Input data.
+++
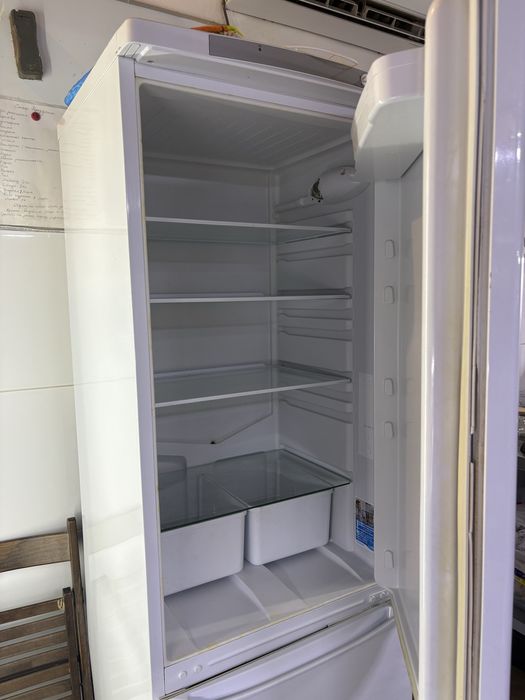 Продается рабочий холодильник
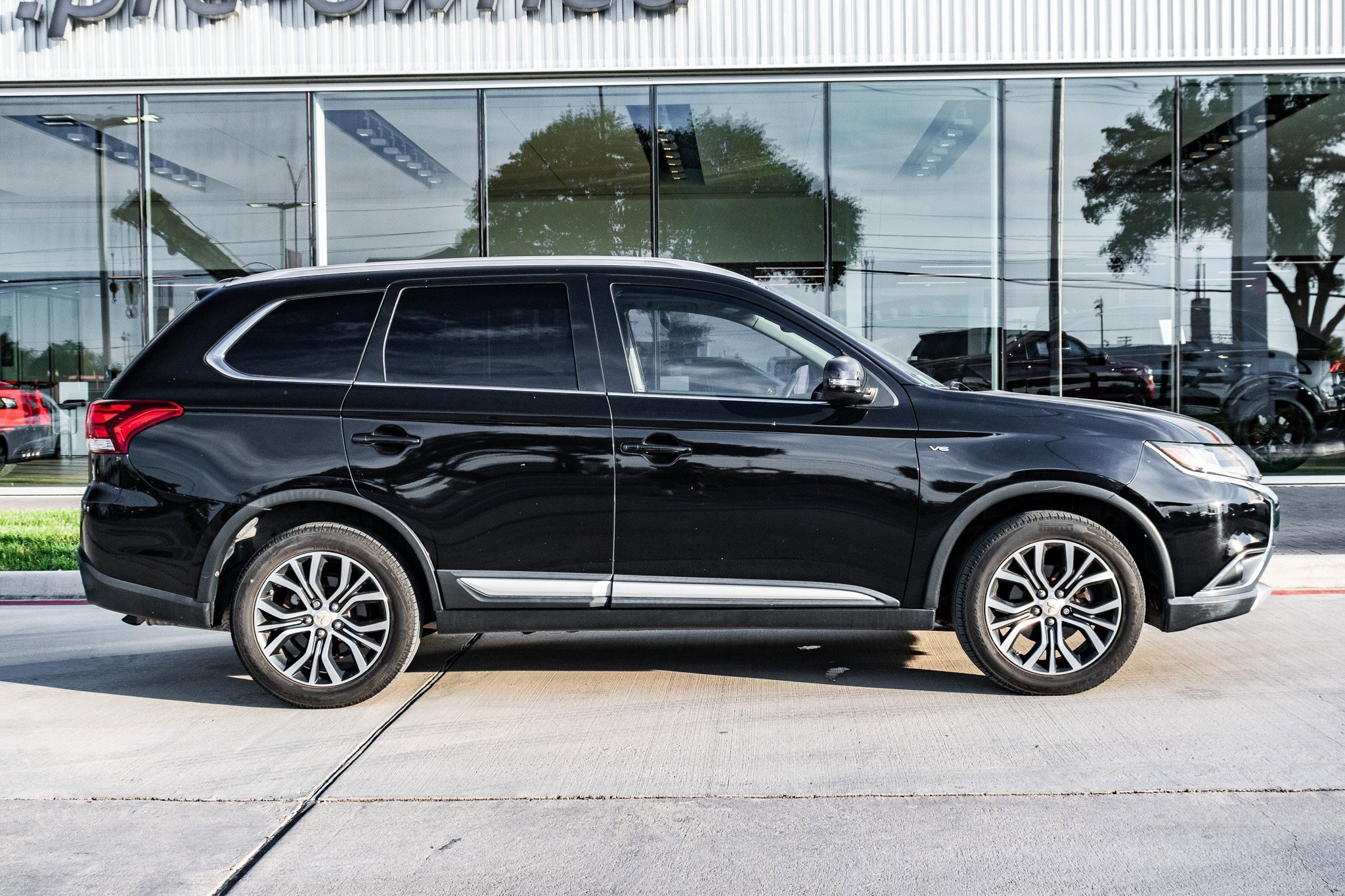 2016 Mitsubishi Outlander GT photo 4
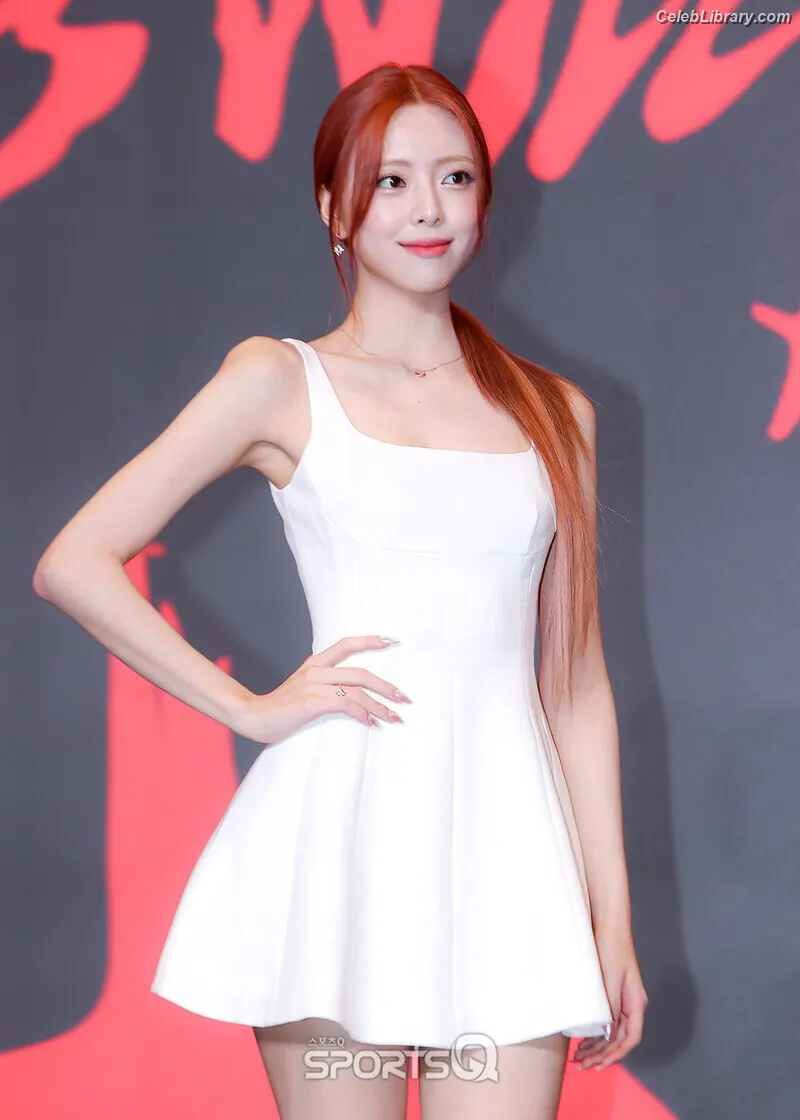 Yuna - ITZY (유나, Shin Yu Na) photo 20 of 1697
+++
With pictures excluded, the data must be transcribed in full and to the letter.

 Продается рабочий холодильник
 2016 Mitsubishi Outlander GT photo 4
 Yuna - ITZY (유나, Shin Yu Na) photo 20 of 1697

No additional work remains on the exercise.